What do your dreams reveal about you? It depends where you’re from.

From the oracles of ancient Rome to Sigmund Freud and Carl Jung, humans have long turned to the dream world to decode the mysteries of the mind.

'Zhuangzi Dreaming of a Butterfly'. Ink on silk album leaf painting by Lu Chin, mid-16th century.
Lu Chin's mid-16th century painting entitled "Zhuangzi Dreaming of a Butterfly." Zhuangzi was an influential Chinese philosopher who lived around the 4th century BCE during the Warring States Period, a period corresponding to the philosophical summit of China's Hundred Schools of Thought.
Photograph by CPA Media Pte Ltd/Alamy Stock
BySarah Wells
August 20, 2025

Your dreamscape is the land where anything is possible. One minute you’re walking through a beautiful meadow—and the next you’re falling to your death over a cliffside. Your teeth may fall out for no apparent reason, or you may see a snake slither out the corner of your eye. 

The average adult spends roughly a third of their life asleep, which means there are plenty of opportunities for our minds to experience these personalized dreamscapes. But do dreams actually mean anything?

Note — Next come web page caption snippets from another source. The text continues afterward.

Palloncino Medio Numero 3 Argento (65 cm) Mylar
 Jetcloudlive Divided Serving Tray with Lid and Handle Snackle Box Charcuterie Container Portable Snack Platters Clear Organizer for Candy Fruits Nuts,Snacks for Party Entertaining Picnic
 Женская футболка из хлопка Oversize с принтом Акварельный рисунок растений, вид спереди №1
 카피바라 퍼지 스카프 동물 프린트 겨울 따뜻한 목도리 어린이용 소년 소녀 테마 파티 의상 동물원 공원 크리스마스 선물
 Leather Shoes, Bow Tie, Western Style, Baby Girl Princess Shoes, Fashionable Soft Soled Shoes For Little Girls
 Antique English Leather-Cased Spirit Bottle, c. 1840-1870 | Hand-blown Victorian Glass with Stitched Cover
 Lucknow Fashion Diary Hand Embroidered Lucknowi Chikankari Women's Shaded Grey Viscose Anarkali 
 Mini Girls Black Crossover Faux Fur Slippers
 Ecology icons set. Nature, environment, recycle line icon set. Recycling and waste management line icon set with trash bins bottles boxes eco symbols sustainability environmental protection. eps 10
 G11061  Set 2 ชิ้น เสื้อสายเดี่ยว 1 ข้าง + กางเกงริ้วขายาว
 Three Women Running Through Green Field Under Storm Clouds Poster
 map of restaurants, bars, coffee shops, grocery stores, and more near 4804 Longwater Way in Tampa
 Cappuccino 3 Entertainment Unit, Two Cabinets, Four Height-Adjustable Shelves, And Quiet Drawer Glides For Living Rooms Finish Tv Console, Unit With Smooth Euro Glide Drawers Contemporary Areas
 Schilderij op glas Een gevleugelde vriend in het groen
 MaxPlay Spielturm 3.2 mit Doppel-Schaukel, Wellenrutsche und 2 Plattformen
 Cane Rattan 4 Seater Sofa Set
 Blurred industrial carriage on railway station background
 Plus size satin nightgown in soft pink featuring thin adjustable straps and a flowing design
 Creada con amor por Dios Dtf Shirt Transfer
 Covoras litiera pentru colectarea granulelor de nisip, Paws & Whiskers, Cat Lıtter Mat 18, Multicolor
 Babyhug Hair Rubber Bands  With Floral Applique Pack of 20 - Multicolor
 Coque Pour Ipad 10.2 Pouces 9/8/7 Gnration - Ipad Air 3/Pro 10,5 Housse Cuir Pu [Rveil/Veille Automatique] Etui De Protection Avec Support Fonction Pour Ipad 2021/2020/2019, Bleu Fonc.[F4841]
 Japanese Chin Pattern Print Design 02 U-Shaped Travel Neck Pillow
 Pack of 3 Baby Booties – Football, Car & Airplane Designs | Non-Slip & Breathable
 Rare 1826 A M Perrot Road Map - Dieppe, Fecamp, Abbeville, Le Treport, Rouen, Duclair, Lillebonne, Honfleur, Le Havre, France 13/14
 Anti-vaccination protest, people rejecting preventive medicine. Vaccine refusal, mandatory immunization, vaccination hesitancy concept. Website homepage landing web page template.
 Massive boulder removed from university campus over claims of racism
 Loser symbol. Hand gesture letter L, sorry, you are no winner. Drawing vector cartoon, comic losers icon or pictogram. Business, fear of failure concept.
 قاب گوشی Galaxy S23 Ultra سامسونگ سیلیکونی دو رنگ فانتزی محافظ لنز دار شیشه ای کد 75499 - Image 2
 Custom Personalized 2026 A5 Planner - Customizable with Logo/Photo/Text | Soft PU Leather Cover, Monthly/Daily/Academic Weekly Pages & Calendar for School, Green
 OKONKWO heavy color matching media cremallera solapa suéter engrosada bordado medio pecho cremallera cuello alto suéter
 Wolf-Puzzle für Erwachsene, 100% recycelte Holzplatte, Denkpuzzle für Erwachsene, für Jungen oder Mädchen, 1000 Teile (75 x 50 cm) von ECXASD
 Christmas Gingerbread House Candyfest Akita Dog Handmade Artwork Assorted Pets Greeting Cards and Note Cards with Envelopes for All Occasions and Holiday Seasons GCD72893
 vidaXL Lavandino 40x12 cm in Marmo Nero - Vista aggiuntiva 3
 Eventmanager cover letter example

That depends on who you ask. 

“Anthropologists say that if you understand what a given group believes about dreaming, you have understood their whole [culture],” says Robin Sheriff, an associate professor of anthropology at the University of New Hampshire.  

Western psychologists like Sigmund Freud and Carl Jung have popularized some of the most well-known ideas about dream interpretation, but these doesn’t necessarily align with how experts in fields like anthropology and folklore understand dreams.

Here’s what you need to know about dream interpretation and how your culture may influence what a dream means to you. 

What is dream interpretation?

Dream interpretation can be traced back to ancient Rome and ancient Egypt, but Sheriff says the practice likely has roots in prehistoric cultures without written records. Before dream science, also known as oneirology, was developed, dream interpretation was a cultural practice that could connect people to cultural ancestors or spirits.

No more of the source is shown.